Even Forced SSL is broken for Facebook Google Twitter
Update – See report card for various online services
This is precisely what happened to Google in 2008 when it was revealed that even full SSL mode for GMail would leak the cookie information that will allow someone to “sidejack” a GMail account. Facebook seems to have recently added support for full HTTPS SSL mode but there are many links that drop back to HTTP even if you run extensions designed to force Facebook to run SSL mode. But even running these force SSL extensions, the links within Facebook will still temporarily redirect to HTTP and then bounce to HTTPS. Even when I manually type HTTPS and never see an HTTP session, Facebook is still leaking the authentication cookies that allow Firesheep to sidejack the session based on my testing.

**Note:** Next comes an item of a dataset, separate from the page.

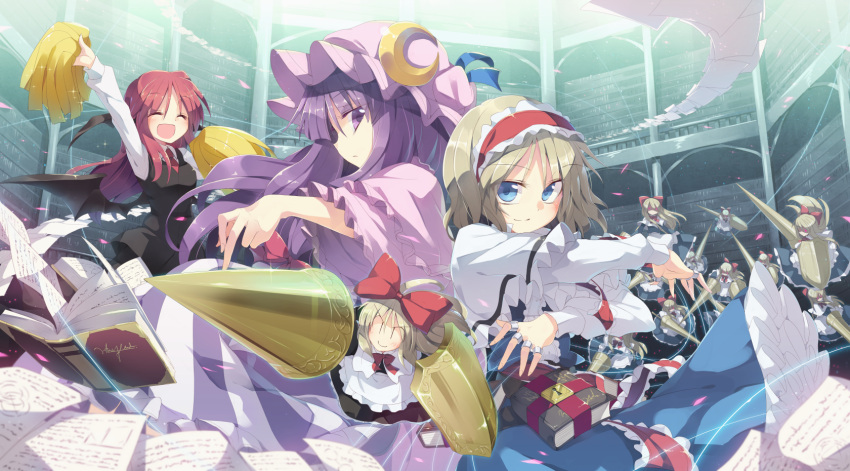 3girls :d alice_margatroid apron arm_up black_dress blonde_hair blue_dress blue_eyes book bookshelf capelet cheering cheerleader closed_eyes commentary_request crescent demon_girl demon_wings dress grimoire hair_bun head_wings highres hourai_doll koakuma lance library looking_at_viewer mob_cap multiple_girls open_mouth patchouli_knowledge polearm pom_poms puppet_rings puppet_strings purple_hair redhead satou_kibi shanghai_doll shield shirt skirt skirt_set smile touhou vest violet_eyes weapon wings |_|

The same problem affects Twitter even when I manually type in https://twitter.com. Twitter will remain in https mode no matter what part of the site I click, but it will still leak authentication cookies to sidejacking tools like Firesheep. The effect is that anyone can still go into my Twitter account and post any embarrassing message they want. Even https://Google.com leaks my account so that people can see where I searched and where I live on maps.google.com. For that matter, just firing up the Chome browser without launching a single page will leak my Google account! Thanks a lot for caring about our privacy guys.
The force SSL mode also seems to be nearly useless in Google Chrome because it’s so stingy about what it will force into SSL. If it’s the first time you’ve visited the site or there are some additional non-sensitive image icons being loaded from some other non-SSL site, it will not force the site to go SSL.
Conclusion? Browser makers and website operators have a long way to go to secure people’s accounts and identities on the Internet.